*** INFORMATION PROVIDED Section Begins ***

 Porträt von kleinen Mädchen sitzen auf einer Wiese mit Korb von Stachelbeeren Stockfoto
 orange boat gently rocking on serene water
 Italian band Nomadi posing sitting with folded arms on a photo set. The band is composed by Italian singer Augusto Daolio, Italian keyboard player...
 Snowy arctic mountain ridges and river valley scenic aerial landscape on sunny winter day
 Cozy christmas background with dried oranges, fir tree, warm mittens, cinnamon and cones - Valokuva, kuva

*** INFORMATION PROVIDED Section Ends ***
*** INFORMATION PROVIDED Section Begins ***

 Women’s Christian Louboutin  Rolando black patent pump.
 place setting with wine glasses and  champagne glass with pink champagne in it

*** INFORMATION PROVIDED Section Ends ***

WHAT IS EXPECTED: Only one stretch of the data above is needed. Restate it word for word, from the line containing "Porträt von kleinen" through the line containing "Cozy christmas background", both ends included.

EXERCISE SOLUTION:
 Porträt von kleinen Mädchen sitzen auf einer Wiese mit Korb von Stachelbeeren Stockfoto
 orange boat gently rocking on serene water
 Italian band Nomadi posing sitting with folded arms on a photo set. The band is composed by Italian singer Augusto Daolio, Italian keyboard player...
 Snowy arctic mountain ridges and river valley scenic aerial landscape on sunny winter day
 Cozy christmas background with dried oranges, fir tree, warm mittens, cinnamon and cones - Valokuva, kuva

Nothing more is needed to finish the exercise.